* _Exercise prompt_:
Transcribe every entry that follows, word for word, and omit the images.

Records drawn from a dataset
/---

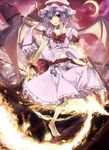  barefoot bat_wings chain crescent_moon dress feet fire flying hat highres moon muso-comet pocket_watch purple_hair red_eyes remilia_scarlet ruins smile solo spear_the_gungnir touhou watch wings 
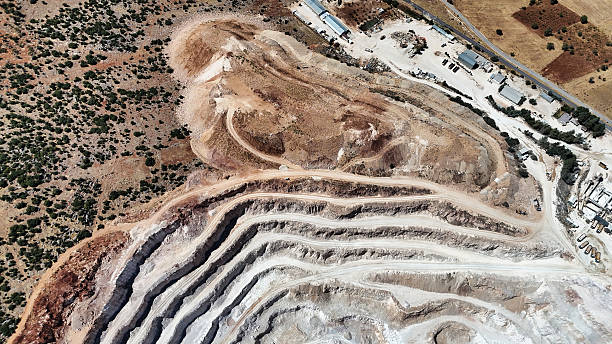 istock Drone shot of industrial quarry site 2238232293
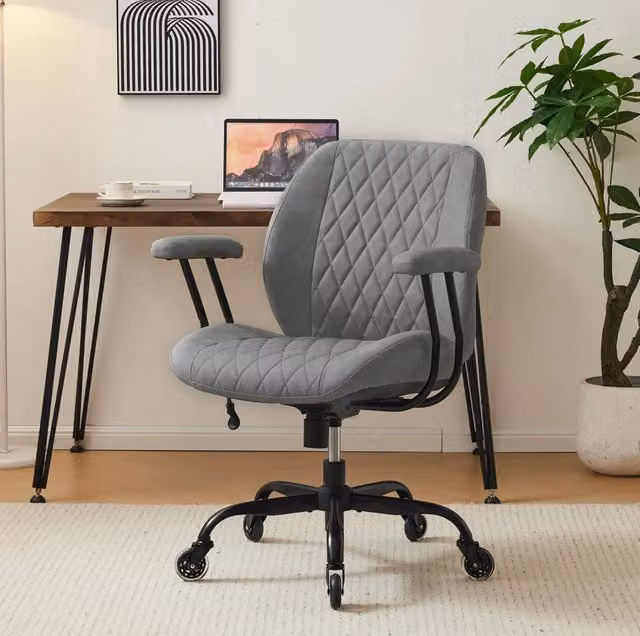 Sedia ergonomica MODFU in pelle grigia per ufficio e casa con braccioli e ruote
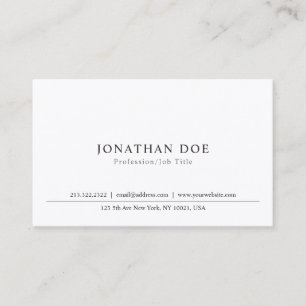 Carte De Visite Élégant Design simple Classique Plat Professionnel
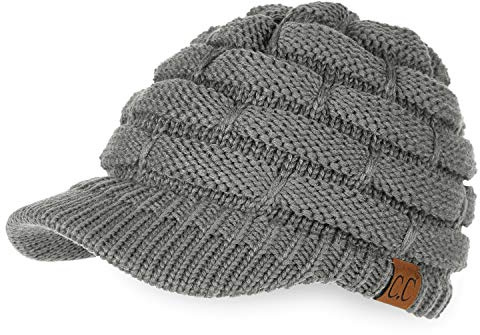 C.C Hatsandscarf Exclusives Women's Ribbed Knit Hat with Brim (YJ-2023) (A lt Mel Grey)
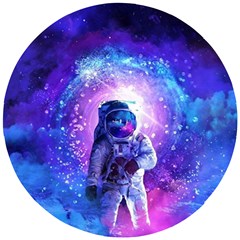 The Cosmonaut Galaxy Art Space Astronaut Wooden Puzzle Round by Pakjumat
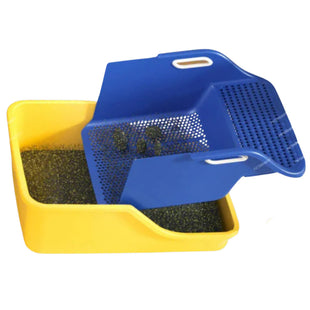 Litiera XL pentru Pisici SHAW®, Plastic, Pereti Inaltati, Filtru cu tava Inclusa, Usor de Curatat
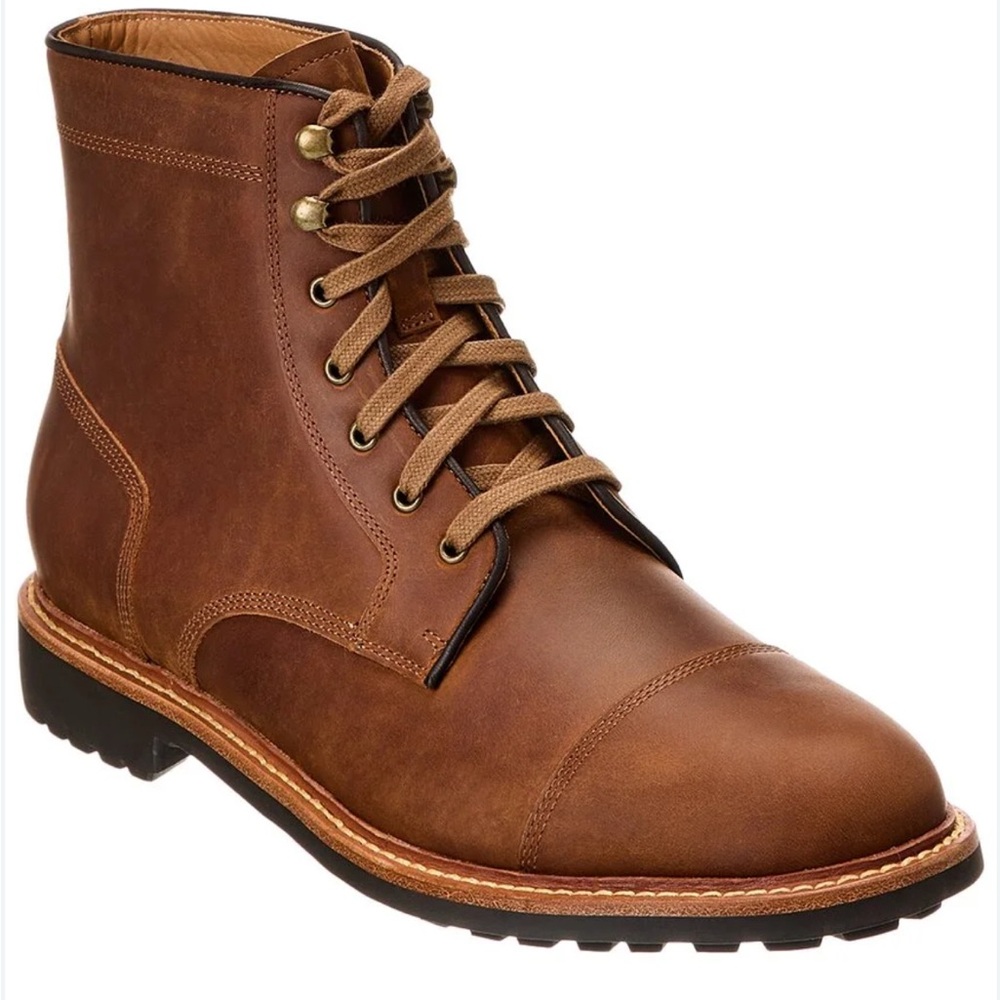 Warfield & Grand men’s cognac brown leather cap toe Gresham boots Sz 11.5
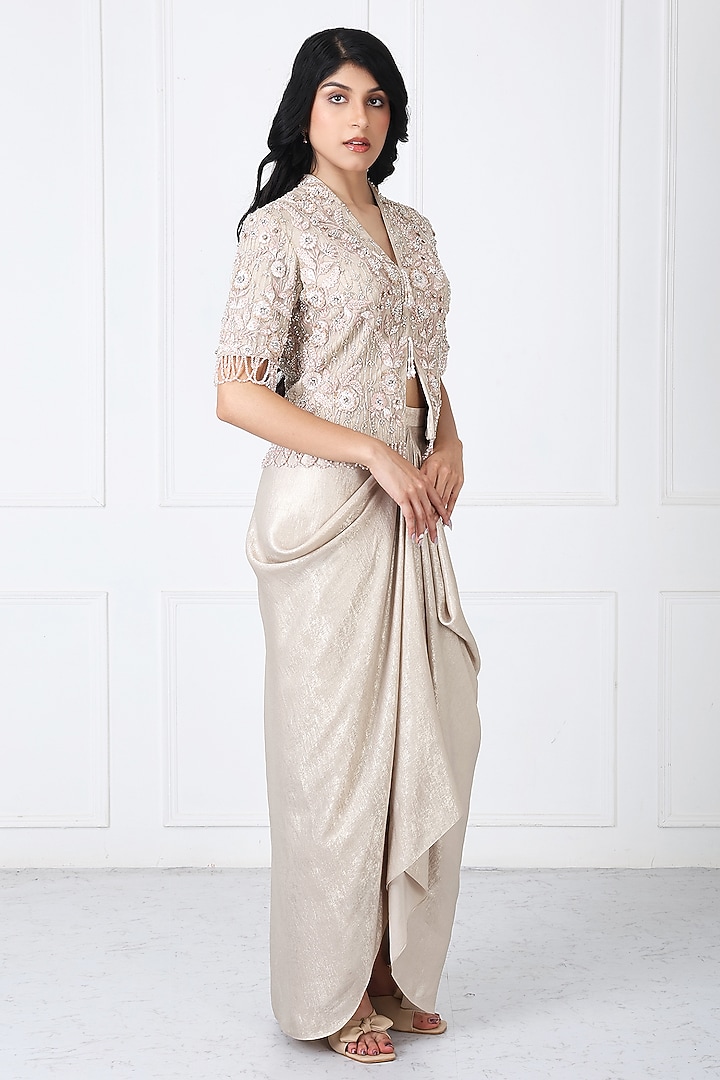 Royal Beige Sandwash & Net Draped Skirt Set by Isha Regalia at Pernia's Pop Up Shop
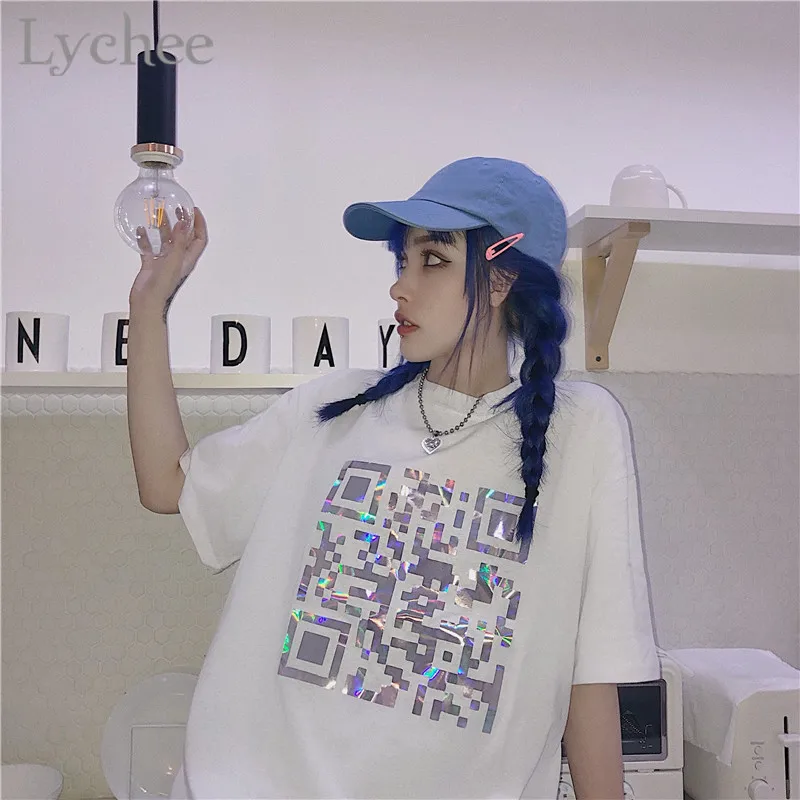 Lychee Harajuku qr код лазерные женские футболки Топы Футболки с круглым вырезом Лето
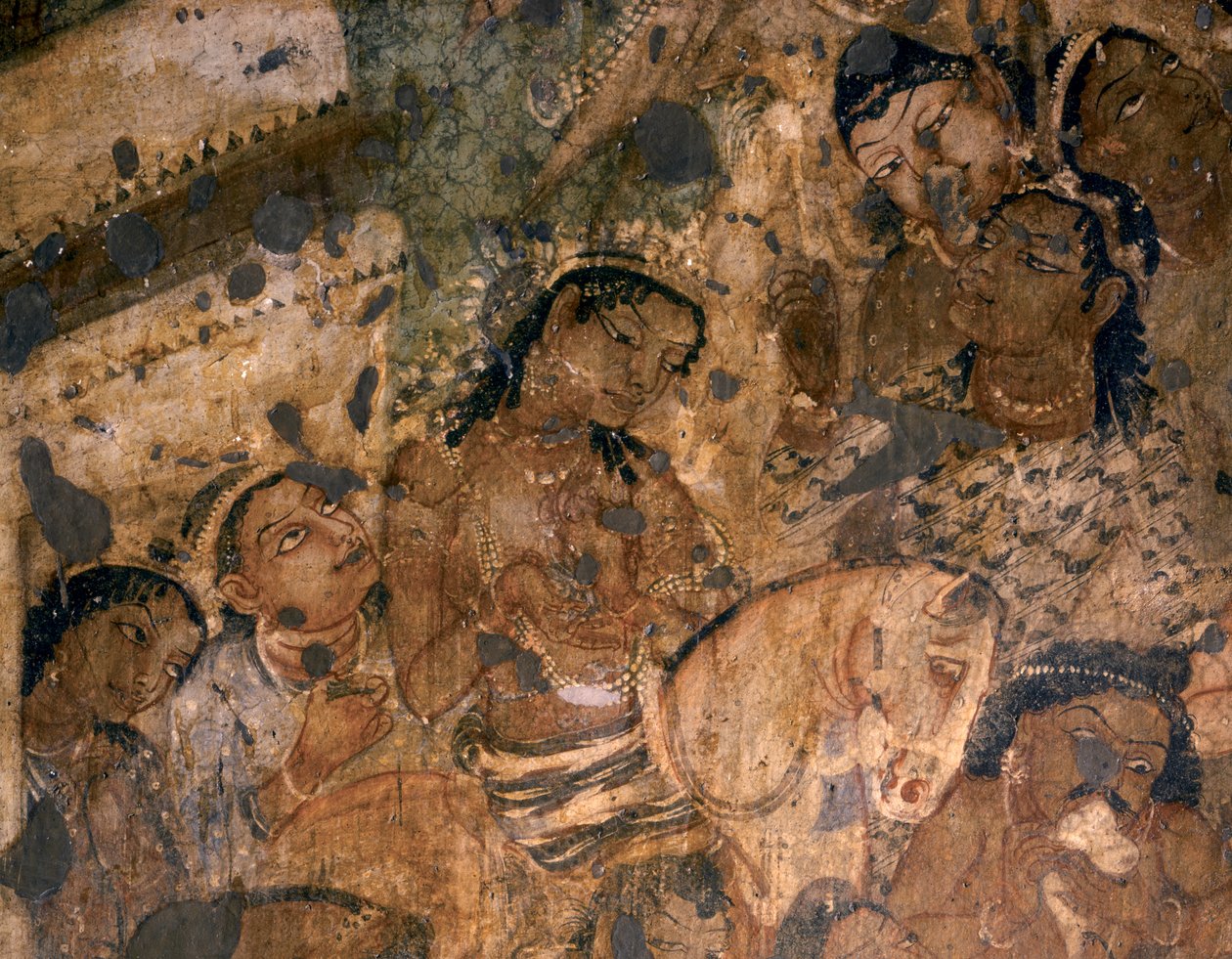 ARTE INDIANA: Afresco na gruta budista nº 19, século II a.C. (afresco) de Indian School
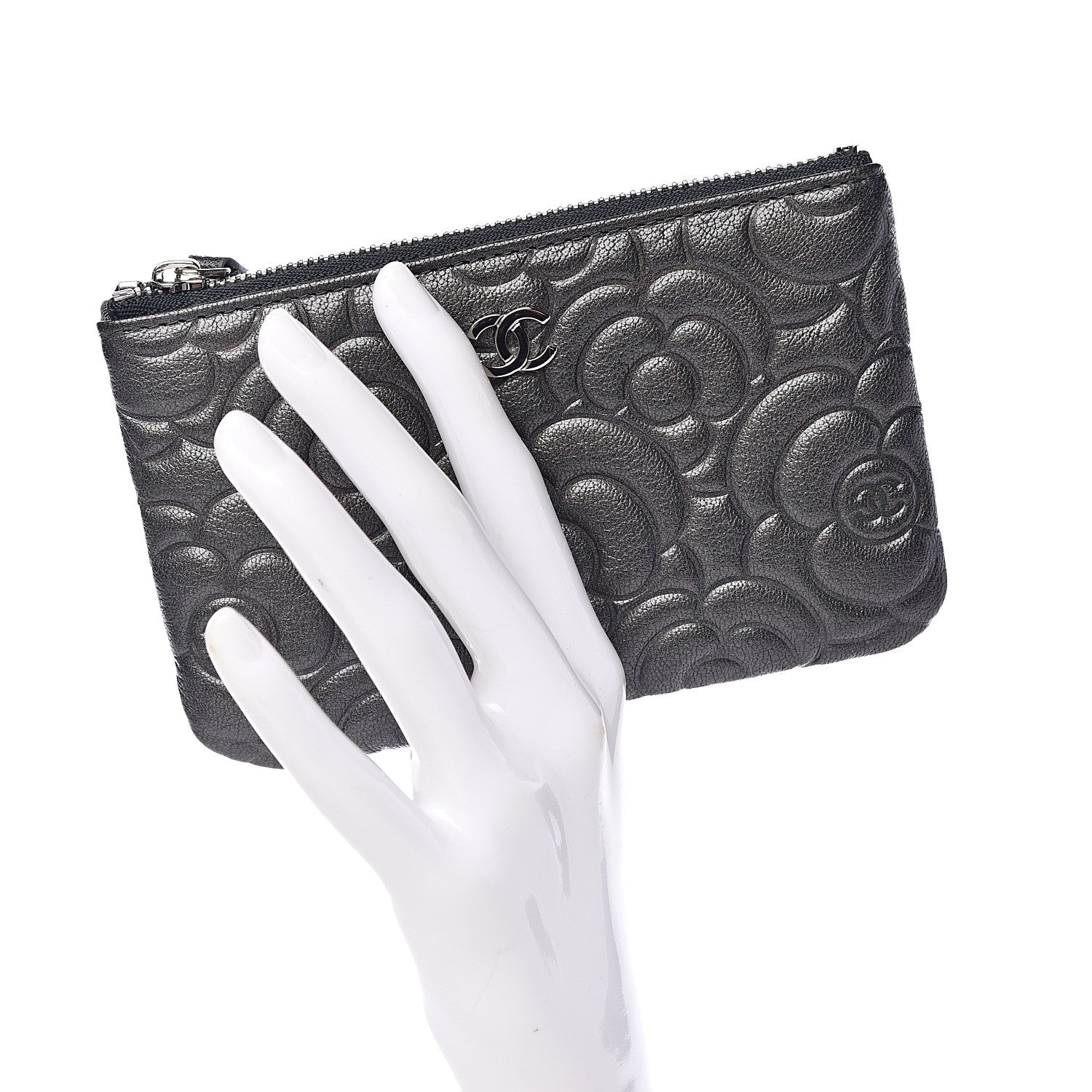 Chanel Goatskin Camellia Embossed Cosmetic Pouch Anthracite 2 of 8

\---

* _Exercise response_:
  barefoot bat_wings chain crescent_moon dress feet fire flying hat highres moon muso-comet pocket_watch purple_hair red_eyes remilia_scarlet ruins smile solo spear_the_gungnir touhou watch wings 
 istock Drone shot of industrial quarry site 2238232293
 Sedia ergonomica MODFU in pelle grigia per ufficio e casa con braccioli e ruote
 Carte De Visite Élégant Design simple Classique Plat Professionnel
 C.C Hatsandscarf Exclusives Women's Ribbed Knit Hat with Brim (YJ-2023) (A lt Mel Grey)
 The Cosmonaut Galaxy Art Space Astronaut Wooden Puzzle Round by Pakjumat
 Litiera XL pentru Pisici SHAW®, Plastic, Pereti Inaltati, Filtru cu tava Inclusa, Usor de Curatat
 Warfield & Grand men’s cognac brown leather cap toe Gresham boots Sz 11.5
 Royal Beige Sandwash & Net Draped Skirt Set by Isha Regalia at Pernia's Pop Up Shop
 Lychee Harajuku qr код лазерные женские футболки Топы Футболки с круглым вырезом Лето
 ARTE INDIANA: Afresco na gruta budista nº 19, século II a.C. (afresco) de Indian School
 Chanel Goatskin Camellia Embossed Cosmetic Pouch Anthracite 2 of 8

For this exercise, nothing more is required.